Dos nadadores. Una causa. Un río.
Travesía Rosa nació en 2019 de una conversación y una convicción: que el deporte puede salvar vidas más allá del agua. Hoy somos un equipo, una comunidad y un movimiento que crece cada año.


Julieta O'Connor es nadadora de aguas abiertas y la fundadora de Travesía Rosa. En 2023 completó una de las hazañas más exigentes del deporte argentino: cruzó el Río de la Plata a nado.
Pero Julieta ya sabía que el agua podía servir para algo más que un desafío personal. En 2019 convirtió esa pasión en propósito: organizó la primera Travesía Rosa con un puñado de nadadores y una meta simple.

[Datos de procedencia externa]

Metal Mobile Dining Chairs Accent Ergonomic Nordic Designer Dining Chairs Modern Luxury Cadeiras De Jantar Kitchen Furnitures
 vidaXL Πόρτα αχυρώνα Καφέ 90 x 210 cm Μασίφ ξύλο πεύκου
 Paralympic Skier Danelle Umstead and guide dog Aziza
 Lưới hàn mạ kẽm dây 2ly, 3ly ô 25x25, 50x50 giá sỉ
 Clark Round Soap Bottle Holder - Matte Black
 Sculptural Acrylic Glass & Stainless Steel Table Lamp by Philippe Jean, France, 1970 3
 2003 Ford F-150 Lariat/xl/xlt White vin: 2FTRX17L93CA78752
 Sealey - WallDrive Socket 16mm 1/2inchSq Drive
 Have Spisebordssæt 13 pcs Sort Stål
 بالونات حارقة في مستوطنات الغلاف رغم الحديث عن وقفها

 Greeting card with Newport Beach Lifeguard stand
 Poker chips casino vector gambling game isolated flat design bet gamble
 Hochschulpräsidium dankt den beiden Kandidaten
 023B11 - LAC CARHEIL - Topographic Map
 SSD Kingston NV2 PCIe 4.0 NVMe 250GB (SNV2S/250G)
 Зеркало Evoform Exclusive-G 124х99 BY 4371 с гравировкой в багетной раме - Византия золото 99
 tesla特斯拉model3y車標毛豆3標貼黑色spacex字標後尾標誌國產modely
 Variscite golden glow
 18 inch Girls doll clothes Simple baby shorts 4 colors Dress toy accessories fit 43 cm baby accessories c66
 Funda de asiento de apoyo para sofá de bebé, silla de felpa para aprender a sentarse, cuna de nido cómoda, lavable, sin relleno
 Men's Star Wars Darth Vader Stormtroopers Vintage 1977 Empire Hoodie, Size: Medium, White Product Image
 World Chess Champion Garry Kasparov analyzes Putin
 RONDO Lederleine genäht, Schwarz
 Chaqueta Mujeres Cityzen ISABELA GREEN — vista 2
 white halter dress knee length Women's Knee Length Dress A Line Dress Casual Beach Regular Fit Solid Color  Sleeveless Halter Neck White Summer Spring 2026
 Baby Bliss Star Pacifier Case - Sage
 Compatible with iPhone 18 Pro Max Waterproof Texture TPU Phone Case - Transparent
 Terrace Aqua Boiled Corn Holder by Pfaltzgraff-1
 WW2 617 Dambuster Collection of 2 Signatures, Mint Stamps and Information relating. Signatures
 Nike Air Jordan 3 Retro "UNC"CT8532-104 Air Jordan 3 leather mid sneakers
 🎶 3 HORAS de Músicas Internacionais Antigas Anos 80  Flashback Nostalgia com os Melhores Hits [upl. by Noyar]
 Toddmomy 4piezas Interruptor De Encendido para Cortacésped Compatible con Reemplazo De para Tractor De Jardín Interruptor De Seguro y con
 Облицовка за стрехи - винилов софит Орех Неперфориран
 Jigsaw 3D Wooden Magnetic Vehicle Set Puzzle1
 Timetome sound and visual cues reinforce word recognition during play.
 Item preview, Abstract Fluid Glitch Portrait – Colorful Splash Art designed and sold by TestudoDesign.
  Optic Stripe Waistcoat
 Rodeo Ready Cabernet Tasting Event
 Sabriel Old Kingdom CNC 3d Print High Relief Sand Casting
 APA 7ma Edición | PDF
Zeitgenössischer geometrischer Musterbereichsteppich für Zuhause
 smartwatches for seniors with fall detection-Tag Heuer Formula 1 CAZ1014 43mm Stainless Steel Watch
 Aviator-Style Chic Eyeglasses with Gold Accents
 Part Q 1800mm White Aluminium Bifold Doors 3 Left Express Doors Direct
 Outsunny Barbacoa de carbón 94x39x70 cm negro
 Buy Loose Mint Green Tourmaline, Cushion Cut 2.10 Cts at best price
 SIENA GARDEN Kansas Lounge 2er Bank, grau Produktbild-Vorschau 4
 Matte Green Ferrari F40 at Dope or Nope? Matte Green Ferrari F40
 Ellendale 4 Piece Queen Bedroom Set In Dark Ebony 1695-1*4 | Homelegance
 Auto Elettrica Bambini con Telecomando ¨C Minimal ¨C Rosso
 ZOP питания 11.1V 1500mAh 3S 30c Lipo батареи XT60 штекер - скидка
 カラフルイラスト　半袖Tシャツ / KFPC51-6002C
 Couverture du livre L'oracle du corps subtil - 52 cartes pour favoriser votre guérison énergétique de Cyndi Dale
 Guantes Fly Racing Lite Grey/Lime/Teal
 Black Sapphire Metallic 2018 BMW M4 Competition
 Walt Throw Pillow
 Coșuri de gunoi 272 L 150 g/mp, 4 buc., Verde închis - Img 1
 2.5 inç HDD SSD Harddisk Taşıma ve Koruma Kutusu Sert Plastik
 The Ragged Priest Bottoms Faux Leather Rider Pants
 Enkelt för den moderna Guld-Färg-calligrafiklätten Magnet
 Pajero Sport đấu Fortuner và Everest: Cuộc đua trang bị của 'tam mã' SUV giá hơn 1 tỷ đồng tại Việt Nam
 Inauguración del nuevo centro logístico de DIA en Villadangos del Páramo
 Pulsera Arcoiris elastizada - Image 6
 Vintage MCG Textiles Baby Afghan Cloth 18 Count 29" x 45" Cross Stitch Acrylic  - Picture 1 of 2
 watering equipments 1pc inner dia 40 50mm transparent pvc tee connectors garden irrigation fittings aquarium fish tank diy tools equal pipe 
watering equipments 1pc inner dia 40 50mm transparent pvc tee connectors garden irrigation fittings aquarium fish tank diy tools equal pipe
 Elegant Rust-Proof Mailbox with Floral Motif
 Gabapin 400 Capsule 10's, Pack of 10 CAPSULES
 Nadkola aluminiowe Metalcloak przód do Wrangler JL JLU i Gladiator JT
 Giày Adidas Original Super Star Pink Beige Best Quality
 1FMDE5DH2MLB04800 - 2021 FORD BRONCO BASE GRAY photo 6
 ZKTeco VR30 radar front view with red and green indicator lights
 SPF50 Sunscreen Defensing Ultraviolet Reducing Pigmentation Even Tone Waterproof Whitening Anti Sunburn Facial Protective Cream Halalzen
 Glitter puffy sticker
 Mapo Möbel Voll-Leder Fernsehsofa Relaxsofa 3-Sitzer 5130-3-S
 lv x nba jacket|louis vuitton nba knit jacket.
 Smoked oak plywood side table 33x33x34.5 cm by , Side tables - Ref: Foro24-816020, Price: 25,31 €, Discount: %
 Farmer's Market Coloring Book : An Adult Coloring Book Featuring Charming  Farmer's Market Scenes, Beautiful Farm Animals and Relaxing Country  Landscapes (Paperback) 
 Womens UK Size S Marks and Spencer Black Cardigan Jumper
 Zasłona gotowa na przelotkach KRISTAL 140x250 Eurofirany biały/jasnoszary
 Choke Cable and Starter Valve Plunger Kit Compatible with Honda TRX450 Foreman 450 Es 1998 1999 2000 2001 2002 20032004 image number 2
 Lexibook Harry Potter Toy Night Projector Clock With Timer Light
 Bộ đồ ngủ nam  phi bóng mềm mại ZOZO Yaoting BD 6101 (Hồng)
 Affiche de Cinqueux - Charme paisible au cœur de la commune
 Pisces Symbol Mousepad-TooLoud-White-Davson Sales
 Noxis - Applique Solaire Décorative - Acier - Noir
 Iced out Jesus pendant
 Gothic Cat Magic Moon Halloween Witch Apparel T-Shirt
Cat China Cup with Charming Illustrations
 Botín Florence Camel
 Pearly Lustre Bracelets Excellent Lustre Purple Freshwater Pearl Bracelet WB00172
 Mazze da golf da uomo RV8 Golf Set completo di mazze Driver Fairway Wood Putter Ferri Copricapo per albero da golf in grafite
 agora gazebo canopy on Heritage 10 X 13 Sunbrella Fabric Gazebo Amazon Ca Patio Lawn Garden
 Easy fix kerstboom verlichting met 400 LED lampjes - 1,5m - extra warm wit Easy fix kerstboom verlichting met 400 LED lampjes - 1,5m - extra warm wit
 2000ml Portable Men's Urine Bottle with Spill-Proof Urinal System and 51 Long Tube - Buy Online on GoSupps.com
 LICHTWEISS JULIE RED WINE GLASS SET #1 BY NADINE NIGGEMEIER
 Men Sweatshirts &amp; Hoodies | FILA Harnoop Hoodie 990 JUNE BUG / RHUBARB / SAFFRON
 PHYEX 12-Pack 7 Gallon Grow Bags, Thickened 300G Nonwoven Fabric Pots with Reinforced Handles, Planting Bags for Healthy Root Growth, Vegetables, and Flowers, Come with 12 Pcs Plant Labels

Hoy, esa idea mueve a más de 80 personas cada octubre y financió 2.820 mamografías gratuitas en todo el país.
Además de nadar, Julieta lleva el mensaje de la prevención a comunidades, municipios y empresas a través de charlas abiertas durante todo el año. Porque la detección temprana no puede esperar a octubre.
Julieta O'Connor
Fundadora - Nadadora de aguas abiertas


Lucas Rivet es uno de los 38 nadadores en la historia que logró cruzar el Río de la Plata a nado — 42 km en 14 horas y 10 minutos. Nacido en San Isidro y miembro de Open Water Argentina (OWA), Lucas es referente de las aguas abiertas en el país y co-organizador del Cruce del Plata.
Cuando Julieta le propuso transformar el deporte en una causa, Lucas dijo que sí. Desde entonces es el co-fundador de Travesía Rosa y el responsable de hacer posible lo imposible cada octubre.
Lucas también creó junto al documentalista Pablo Pérez el film "Cruce del Plata. Historia de un desafío", disponible en YouTube y estrenado en DeporTV — un registro de todos los que se animaron a cruzar el río más ancho del mundo.
Lucas Rivet
Co-fundador - Nadador de aguas abiertas - Especialista en logística y organización
Clara Zavalia, Gabriela Douce y Celina del Pino son las personas que hacen posible que el evento suceda cada año. Inscripciones, comunicación, coordinación de mamografías, seguimiento de resultados, logística del día. Sin ellas, los nadadores no llegarían al agua.
Detrás de cada brazada,
hay un equipo en tierra
Prevención, no reacción
Deporte con propósito
Impacto verificable
Cada mamografía tiene seguimiento. Si el resultado requiere más estudios, gestionamos los turnos. Ninguna mujer queda sola con un resultado en la mano.
La mamografía detecta lo que el autoexamen no puede ver. Por eso insistimos: hacerse el control antes de sentir algo es lo que salva vidas.
No competimos contra nadie. Competimos contra el tiempo que una mujer lleva sin hacerse su control. Cada brazada cuenta.